TASK REQUIREMENTS >> With the pictures left out, reproduce exactly the lines running from the line with "Stretch organic cotton bralette_0" to the last line of the material below.

RECORDED INFORMATION >>

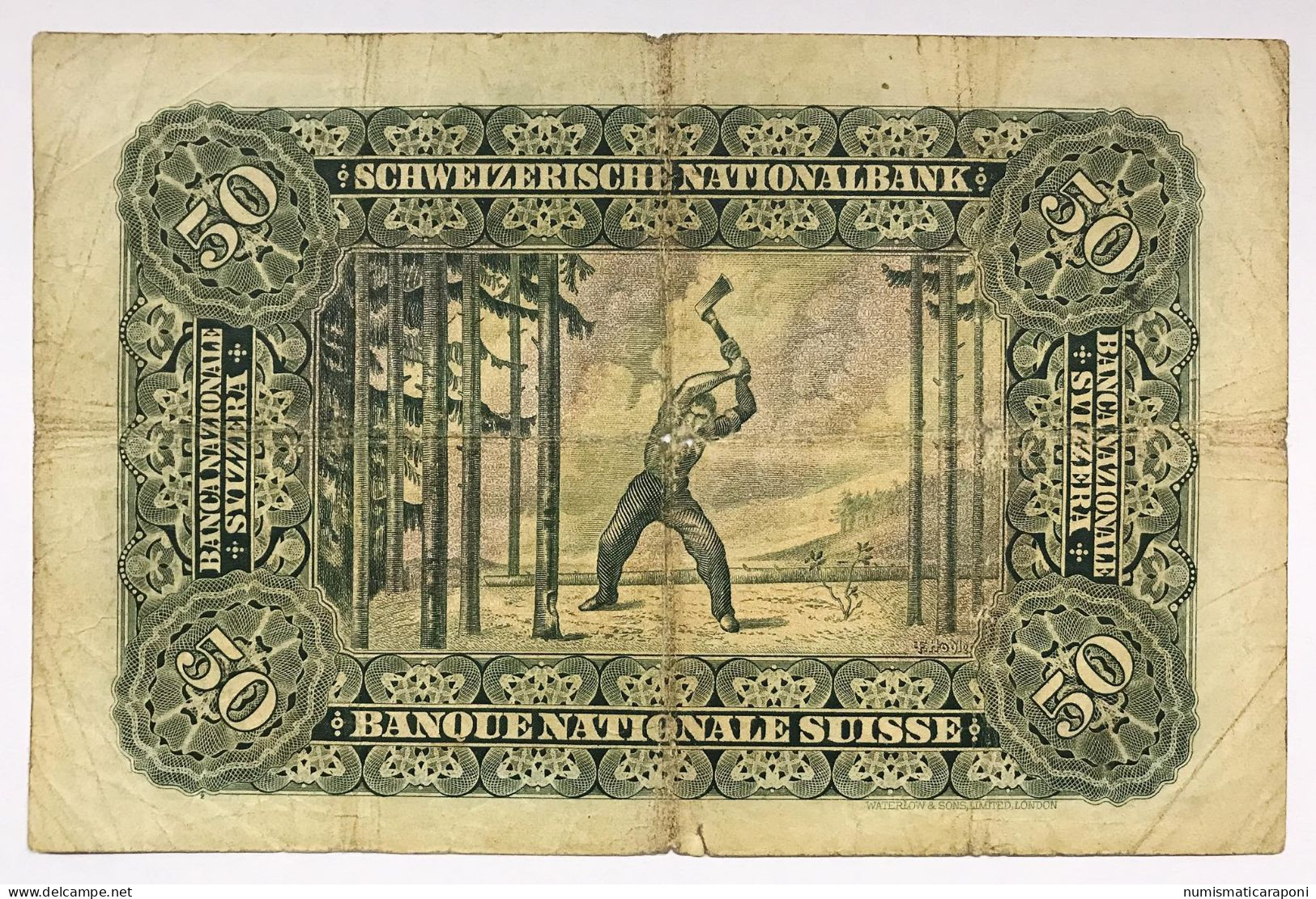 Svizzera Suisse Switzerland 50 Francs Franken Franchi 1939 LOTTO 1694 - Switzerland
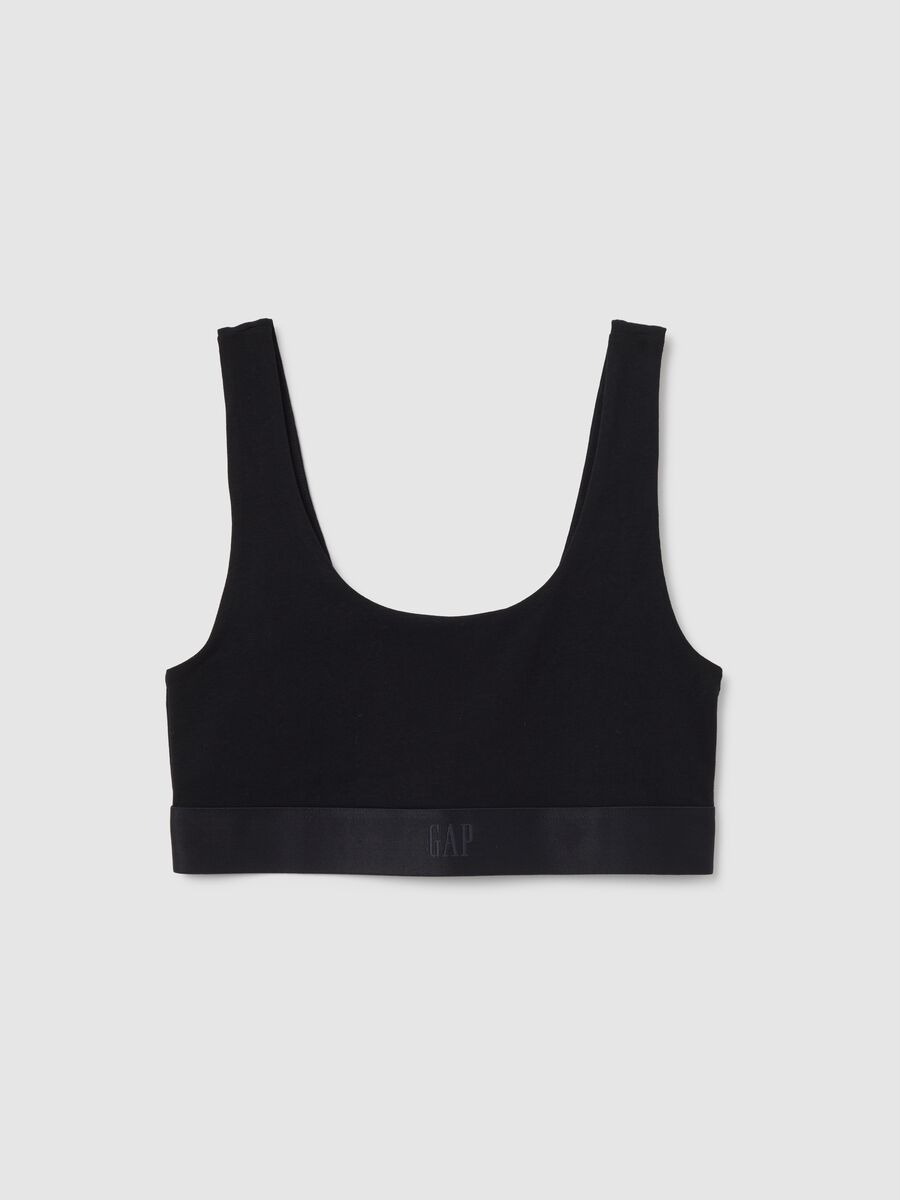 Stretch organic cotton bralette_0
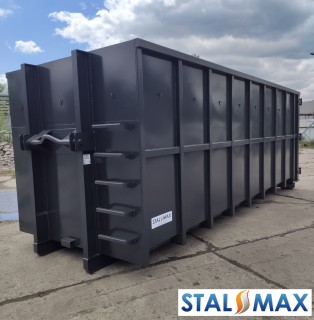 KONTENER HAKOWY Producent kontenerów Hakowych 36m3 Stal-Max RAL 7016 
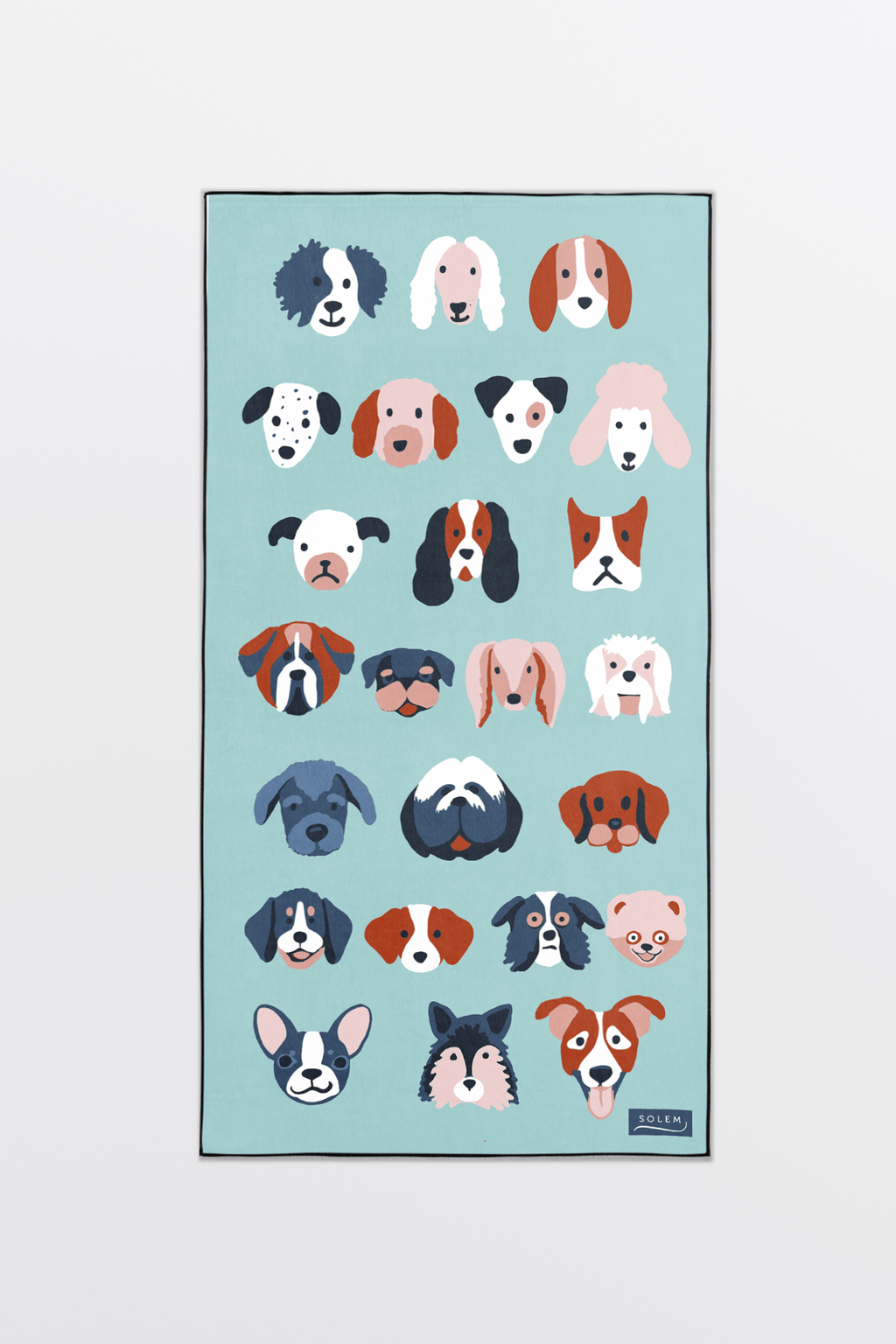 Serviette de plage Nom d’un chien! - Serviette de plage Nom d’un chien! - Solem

RESPONSE FOR THIS EXERCISE >>
 Stretch organic cotton bralette_0
 KONTENER HAKOWY Producent kontenerów Hakowych 36m3 Stal-Max RAL 7016 
 Serviette de plage Nom d’un chien! - Serviette de plage Nom d’un chien! - Solem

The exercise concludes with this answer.